→ Records for the task
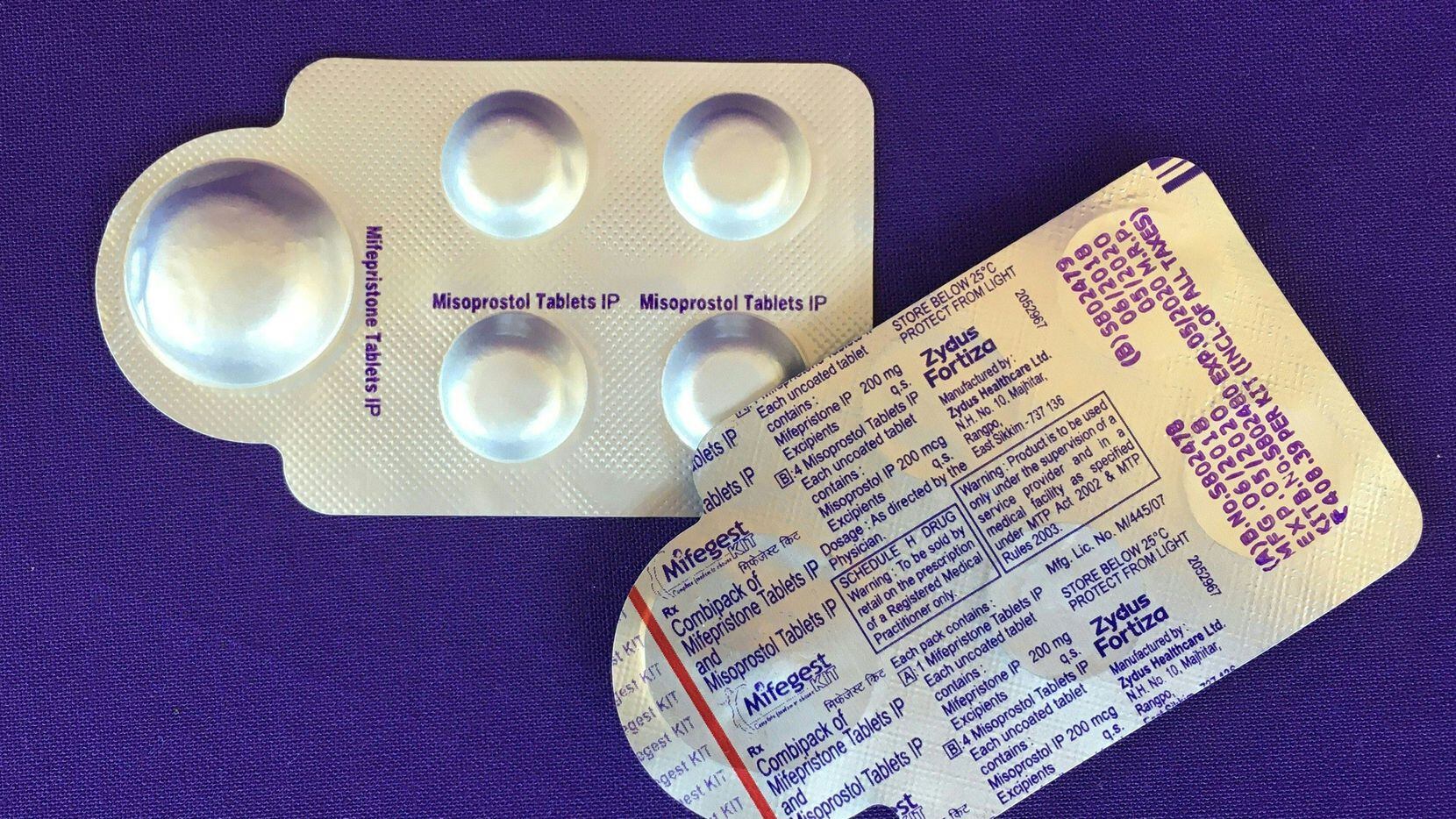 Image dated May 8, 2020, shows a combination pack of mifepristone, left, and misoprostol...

---

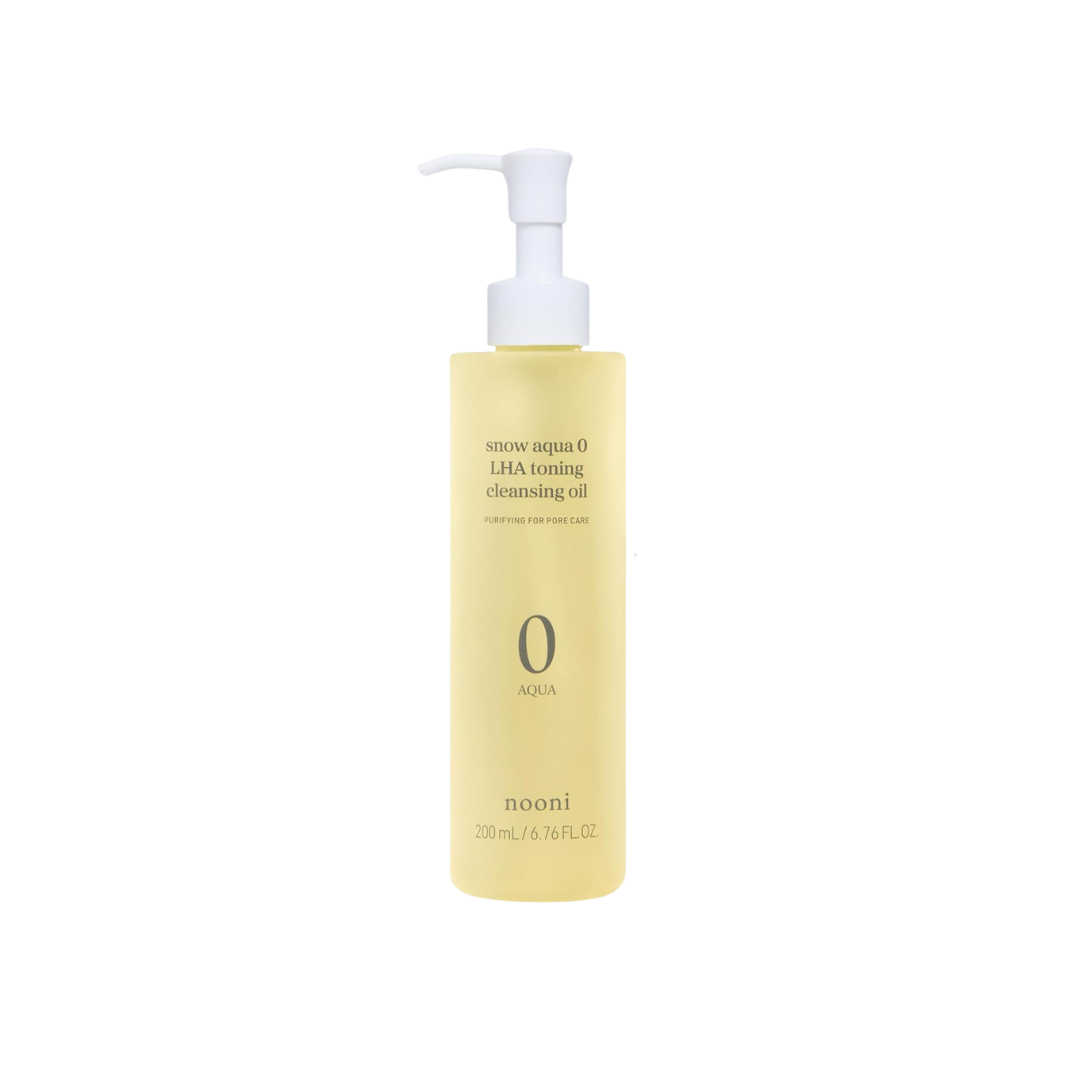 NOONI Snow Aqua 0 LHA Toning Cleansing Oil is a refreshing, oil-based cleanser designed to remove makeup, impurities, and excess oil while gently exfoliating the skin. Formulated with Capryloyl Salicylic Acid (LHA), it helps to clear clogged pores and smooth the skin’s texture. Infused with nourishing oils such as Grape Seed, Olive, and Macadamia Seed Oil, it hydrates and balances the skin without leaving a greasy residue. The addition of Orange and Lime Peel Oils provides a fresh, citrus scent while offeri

==

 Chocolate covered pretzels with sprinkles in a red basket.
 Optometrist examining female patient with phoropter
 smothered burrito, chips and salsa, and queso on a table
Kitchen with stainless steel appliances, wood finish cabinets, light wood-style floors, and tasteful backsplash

→ Problem description
The reply should consist solely of the lines above from the one that has "smothered burrito, chips" through the one that has "Kitchen with stainless", reproduced exactly.

→ Answer space
 smothered burrito, chips and salsa, and queso on a table
Kitchen with stainless steel appliances, wood finish cabinets, light wood-style floors, and tasteful backsplash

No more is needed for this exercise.